The work is known variously as Aristoxenou (or Aristoxenoy) Armonika (or Harmonika) Stoicheia i.e. Aristoxenou Armonika Stoicheia, Aristoxenou Harmonika Stoicheia etc. All of these translate as The Harmonics of Aristoxenus. Elementa harmonica translates as Elements of Harmonics. The work is otherwise rendered as The Elements, or Elements, the latter translates into Greek as Στοιχεία.

Subject

Historical context
The Elements is held to be the work founding a tradition of the study of music based on practice, which is, to understand music by study to the ear. Musicology as a discipline achieved nascency with the systematic study undertaken in the work, which treated music independently of those prior studies which held it in a position of something purely and only in relation to an understanding of the kosmos. In-as-much, the Elements is the first and earliest work on music in the classical Greek tradition. Earliest considerations arose within the Pythagorean school c.500 and thinking dwelled on the mathematical nature of harmonia. Aristotle, whose Peripatetic school Aristoxenus belonged to, addressed the subject in his work On the Soul. Aristoxenus is thought contrary to the position of the Pythagoreans, he favoured an intellectual treatment of the subject which Aristotle had set out in his work,
which is the exercise of inductive logic with attention to empirical evidence.

Aristoxenus is thought the first to consider music in this respect, as a separate subject, due to this work.

Description
The work is a theoretical treatise concerned with harmony and harmonics, and thus pertains to a burgeoning theory of euphonics. The study of harmonics is especially concerned with treating melody in order to find its components (the Greek word for melody is μέλος).

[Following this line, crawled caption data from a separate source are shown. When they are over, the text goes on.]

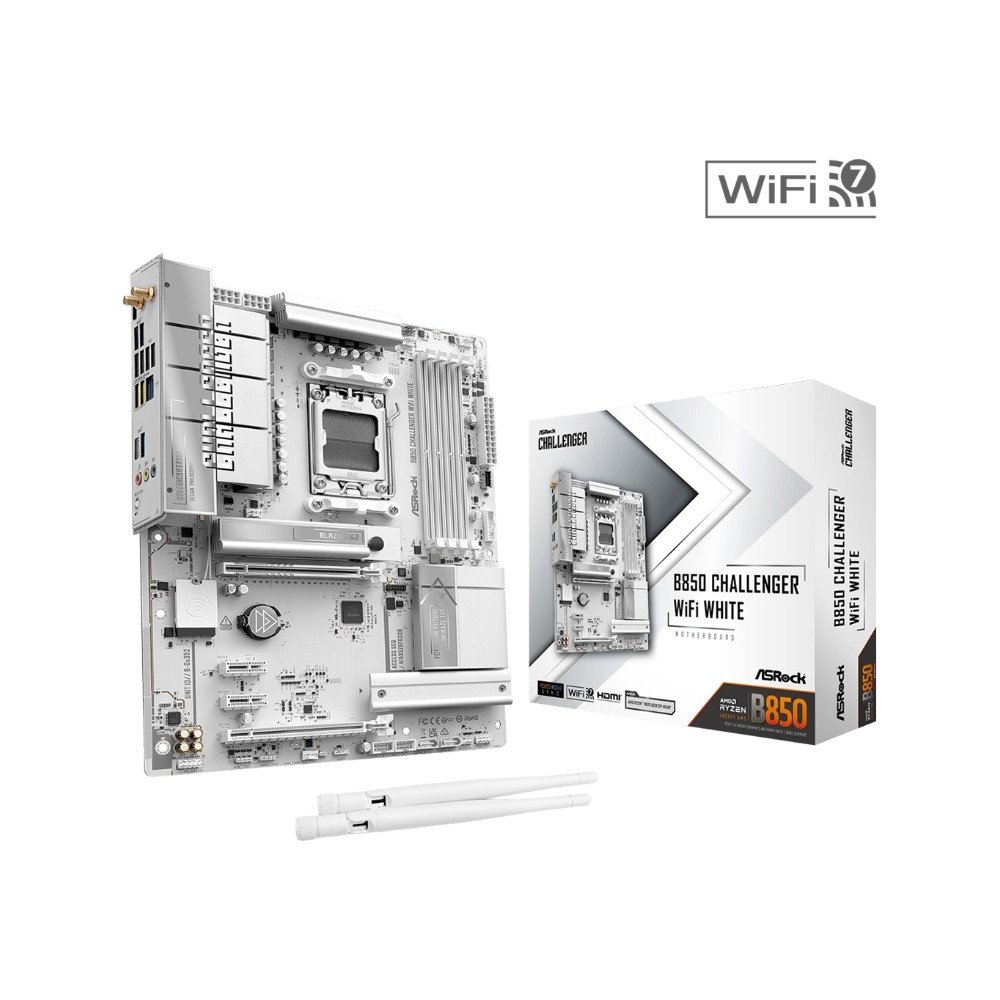 Placa-Mãe ASRock B850 Challenger WiFi White, AMD AM5, ATX, DDR5 - 90-MXBTF0-A0UAYZ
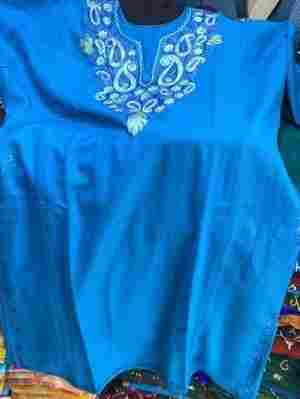Plain Kashmiri Embroidery Pheran Top for Ladies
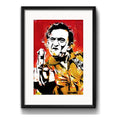 Cuadro Johnny Cash Pop Art Rock Decoracion Con Paspartú Marco Negro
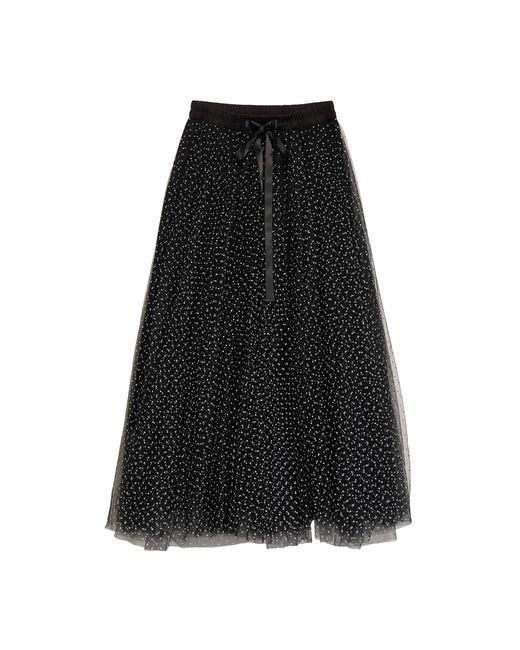 Tantra Spain Sl Black Polka Dots Tulle A-Line Skirt With Waistband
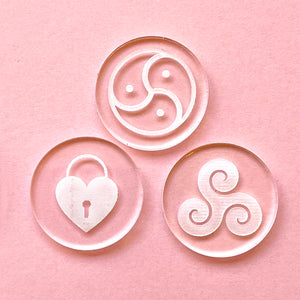 BDSM Symbols Convertible Collar Tag Insert Set Collar Tag Insert Restrained Grace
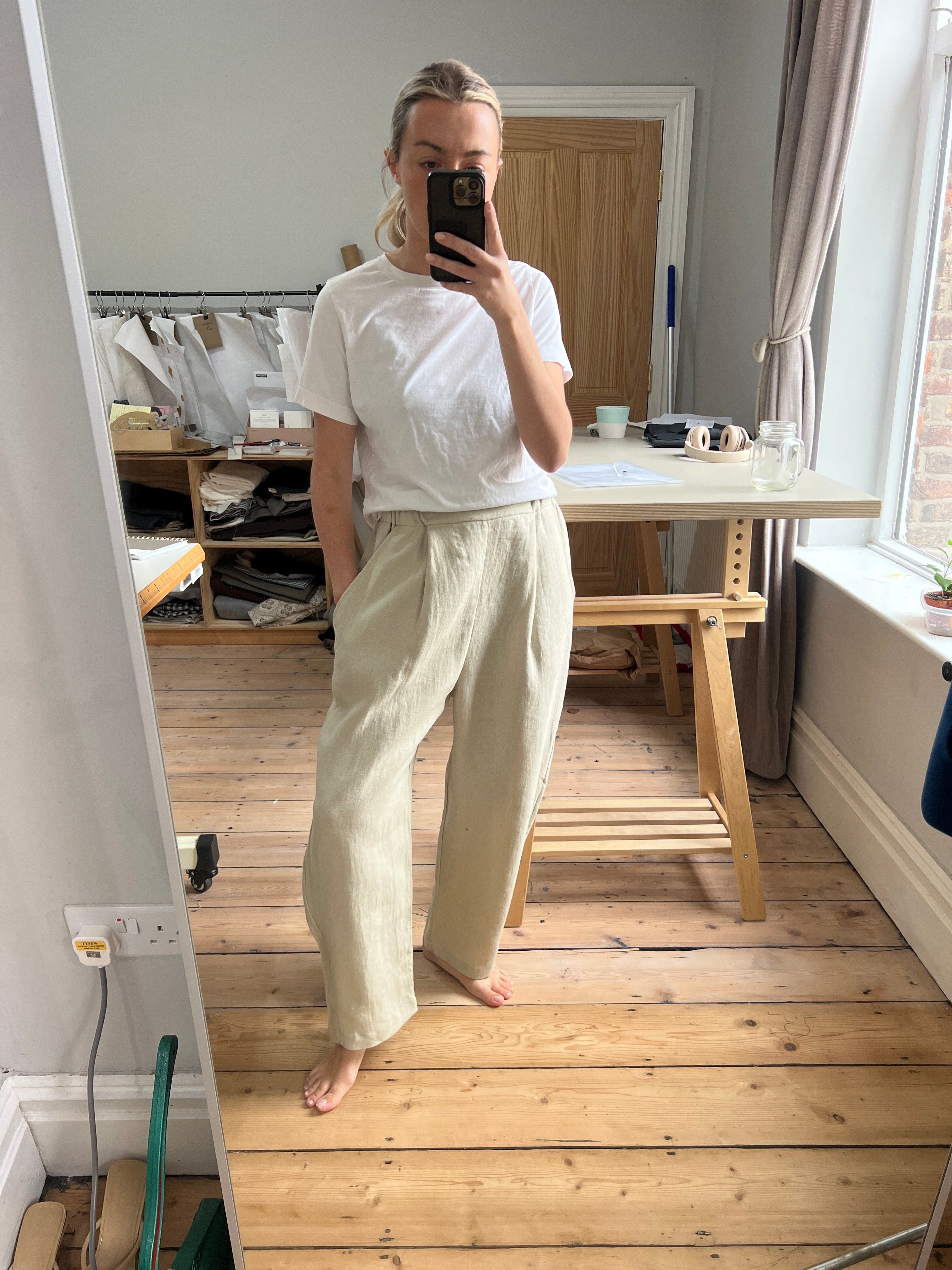 Tapered Leg Linen Trousers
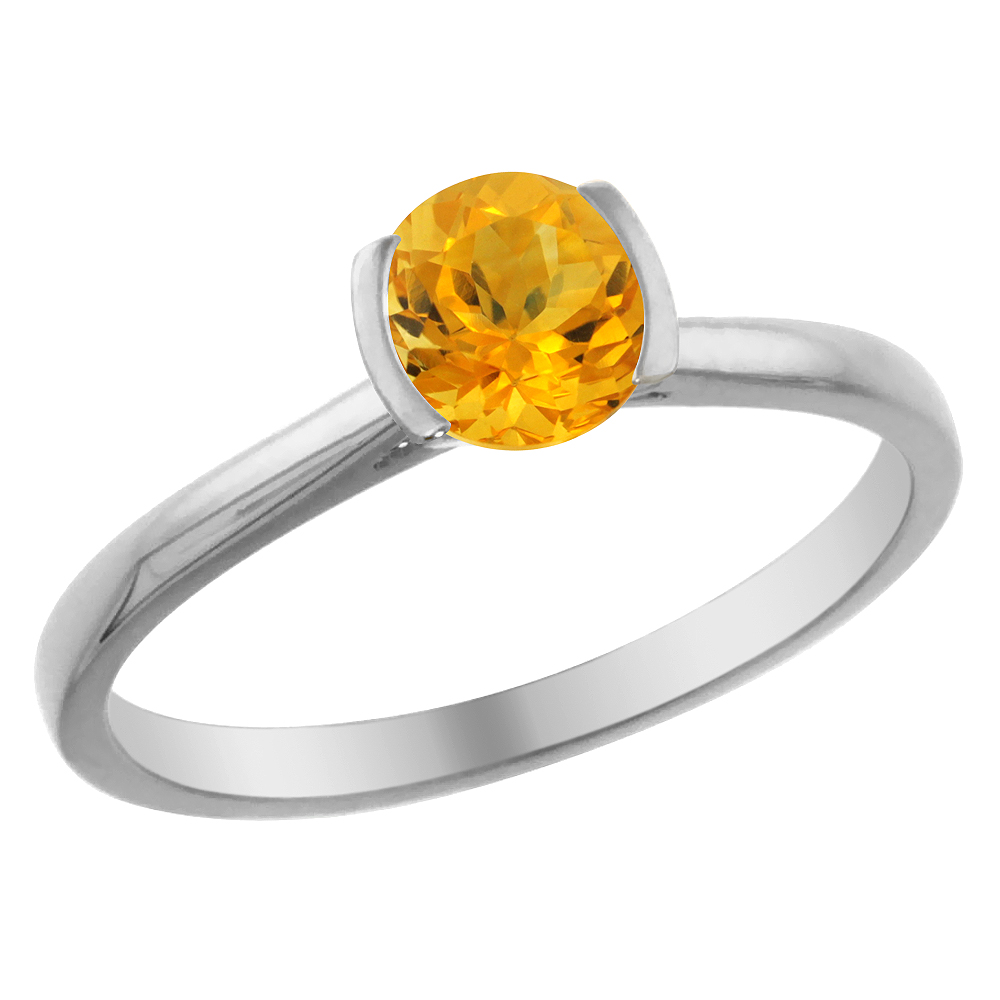 14K White Gold Natural Citrine Solitaire Ring Round 5mm, sizes 5 - 10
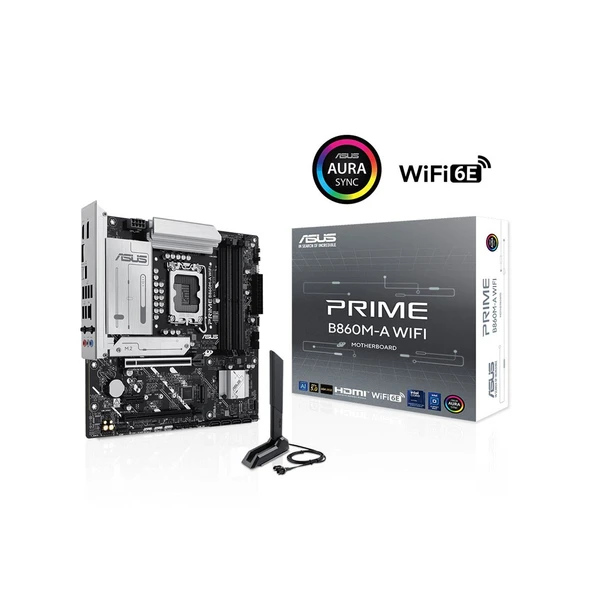 ASUS PRIME B860M-A WIFI Intel Core Ultra LGA 1851 Soket 8666MT/s WiFi 6E mATX Anakart ürün görseli 1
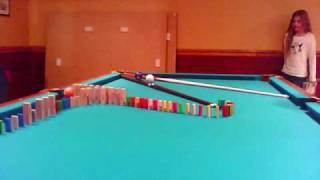 Crazy pool shots with dominos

In the first sentence of the treatise Aristoxenus identifies Harmony as belonging under the general scope of the study of the science of Melody. Aristoxenus considers notes to fall along a continuum available to auditory perception. Aristoxenus identified the three tetrachords in the treatise as diatonic, the chromatic, and the enharmonic.

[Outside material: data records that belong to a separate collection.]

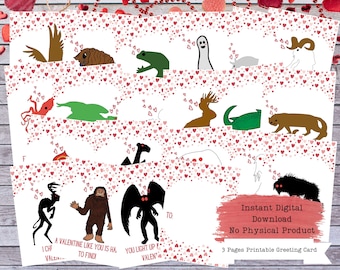Cryptid Valentines, Printable Class Valentines, Monster Valentine, Mothman Valentine, Classroom Valentine, School Valentine, Weird Valentine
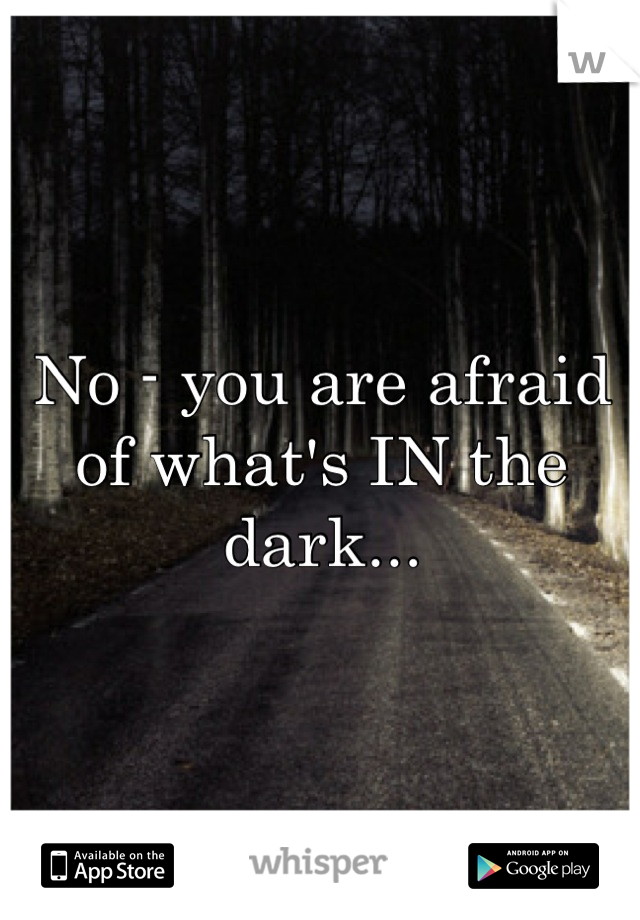 No - you are afraid of what's IN the dark...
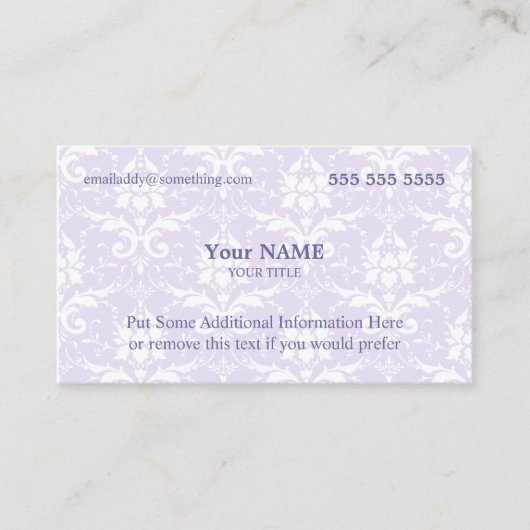 Uitvoerende lavendel en witte damast visitekaartje (Voorkant)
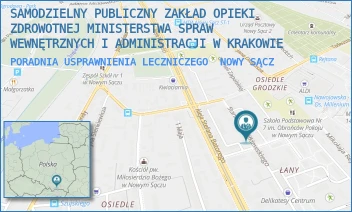 PORADNIA USPRAWNIENIA LECZNICZEGO - SAMODZIELNY PUBLICZNY ZAKŁAD OPIEKI ZDROWOTNEJ MINISTERSTWA SPRAW WEWNĘTRZNYCH I ADMINISTRACJI W KRAKOWIE - UL. STANISŁAWA ŻÓŁKIEWSKIEGO 11,  NOWY SĄCZ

The general considered attitude of Aristoxenus was to attempt an empirical study based therefore upon observation. In-as-much his writing contains criticisms of predecessing appreciations and attitudes, of the Pythagorean and harmonikoi, on the problems of sound percptable as music.

Editions
Translation into Latin for the first time, during 1564, was made by Antonius Gogavinus.

Editions were published by Meibom, Marquard (1868) Aristoxenou harmonikōn ta sōzomena: Die harmonischen fragmente des Aristoxenus, published in Greek and German translation, and Westphal. Henry Stewart Macran edition was published during 1902 by Clarendon Press, Oxford. An edition was published in Latin during 1954, and another in the same year in Italian, by Typis Publicae Officinae Polygraphicae.

History of scholarship

Pre-modern
Vitruvius (circa. mid-20s B.C.) based his understanding of the laws of harmony on the Elements of Aristoxenus.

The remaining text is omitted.